Simon moved to the Cambridge area in 1979 to attend Harvard University. Interested in journalism since junior high school, she wrote for The Harvard Crimson during her junior and senior year. She graduated magna cum laude in 1983 with an A.B. in English and American Language and Literature.

==Career==
Focused on music, Simon began her career as a freelance journalist, writing for publications including The Boston Phoenix, the Boston Herald, the Boston Globe, the New York Times, 'and Salon. She was a staff writer and editor at the Boston Globe from 1990 until 1999. Her 1997 memoir, Mad House: Growing Up in the Shadows of Mentally Ill Siblings, was an outgrowth of a well received article on the subject she wrote for the Globe's Sunday magazine.

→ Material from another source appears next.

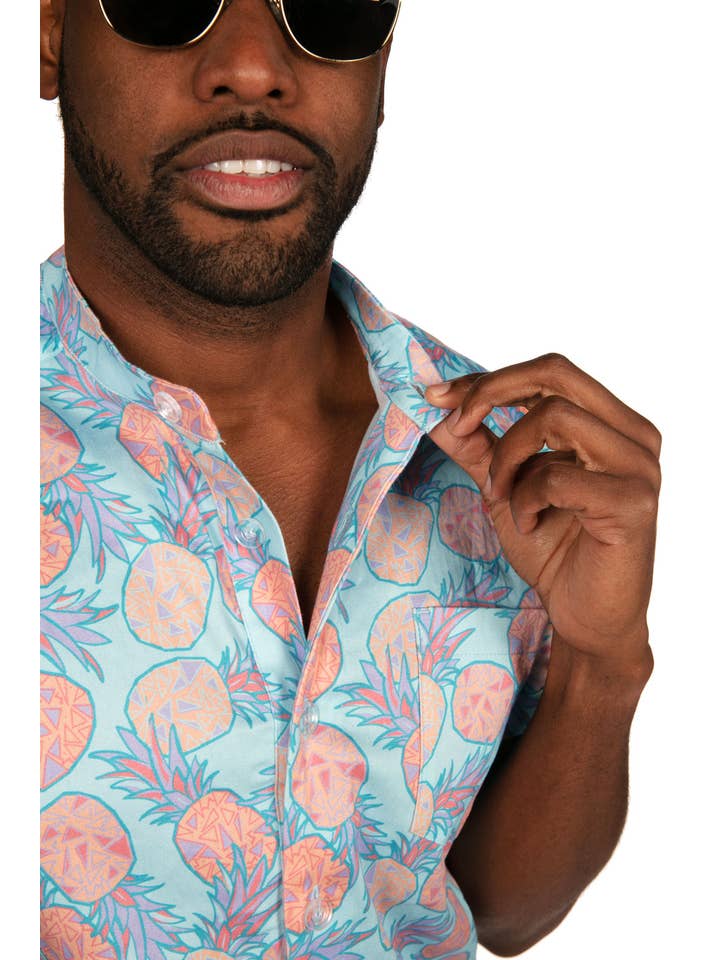 Tipsy Elves - Wholesale Onesie - Men's - Pina Colada Romphim - Men's One Piece Button Down Romper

In 2001, following her father's death, Simon wrote Fatherless Women: How We Change After We Lose Our Dads. In 2002, her third non-fiction book, The Feline Mystique: On the Mysterious Connection Between Women and Cats was published. An examination of the relationship between women and cats, and how they have interacted in mythology, science and literature, Kirkus wrote that it was "Wide-ranging and perfectly pitched: both sensitive and sensible." The book was dedicated to Simon's late cat, Cyrus T. Cat.

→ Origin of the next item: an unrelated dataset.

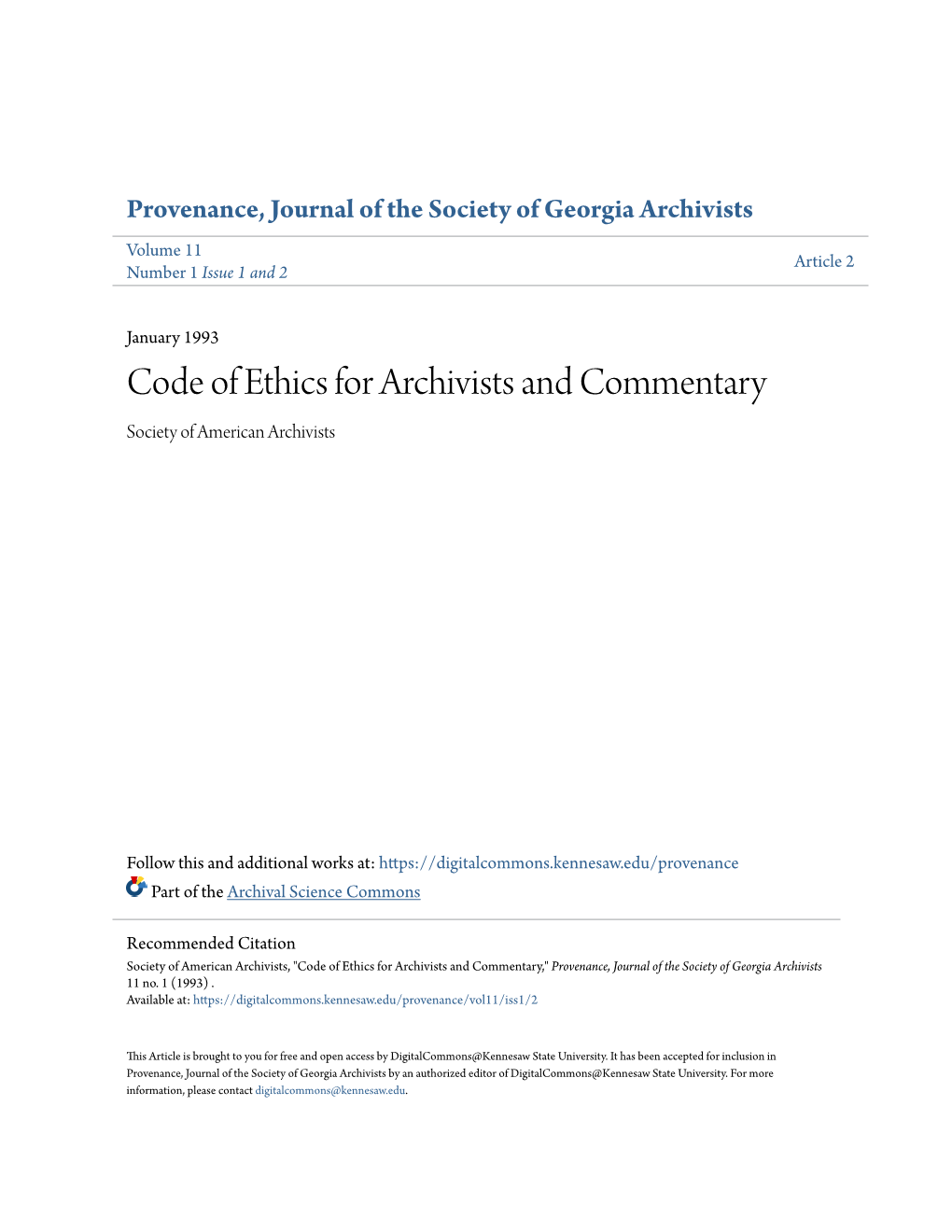 Code of Ethics for Archivists and Commentary Society of American Archivists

Simon, a mystery fan, was a regular at Kate's Mystery Books, the "acknowledged hub" for mystery writers and readers in New England. During a conversation about The Feline Mystique, Kate Mattes, the store's owner, told Simon that there was a "huge overlap between women who love cats and mystery readers." She suggested that Simon write a feline mystery, and that night Simon began work on her first mystery, Mew is for Murder. The book's protagonist, Theda Krakow, was a freelance writer. Released in 2005, Publishers Weekly wrote that it was an "auspicious fiction debut with a well-plotted cat mystery that's not your usual four-footed cozy caper." Mew is for Murder was the first in what became a series of Theda Krakow mysteries. The Krakow books were followed by the Dulcie Shwartz, Blackie and Care, and Witch Cats of Cambridge series and the Pru Marlowe "Pet Noirs."

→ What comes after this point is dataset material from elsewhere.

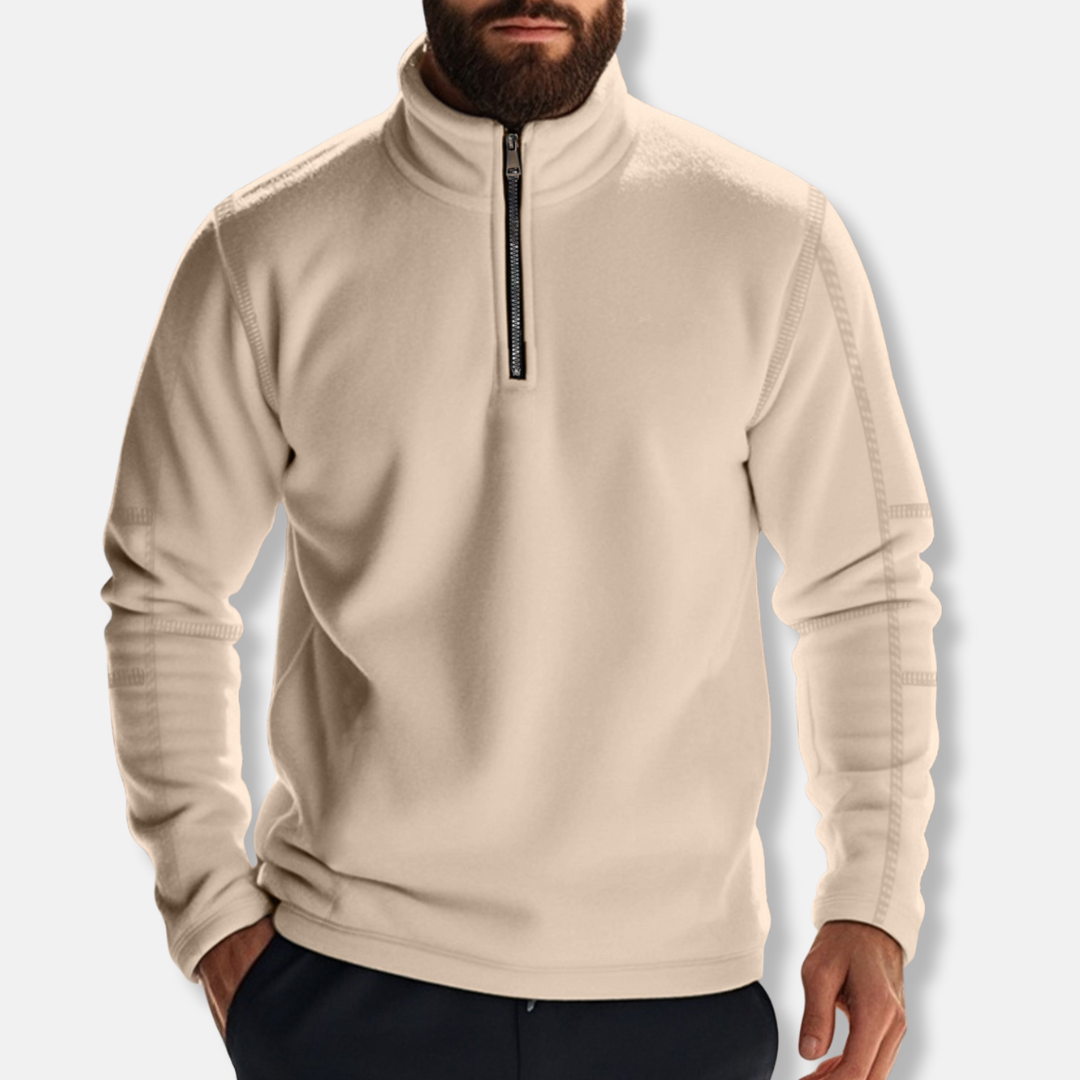 Fleece Half-Zip Stand-Up Collar Pullover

In 2017, Simon's 23rd mystery, World Enough, was published. A "rock n' roll noir" that departed from her feline cozies, Simon drew on her past as a music critic, setting the book in the Boston music scene. Jay Stafford of the Richmond Times-Dispatch wrote that "Simon's dark story shimmers with brilliance - and stands as her finest."

The first book in the Witch Cats of Cambridge series, A Spell of Murder, was published in 2018.Publishers Weekly said of it, "You don’t have to be a cat lover to appreciate this paranormal cozy’s witty observations, entertaining dialogue, and astute characterizations."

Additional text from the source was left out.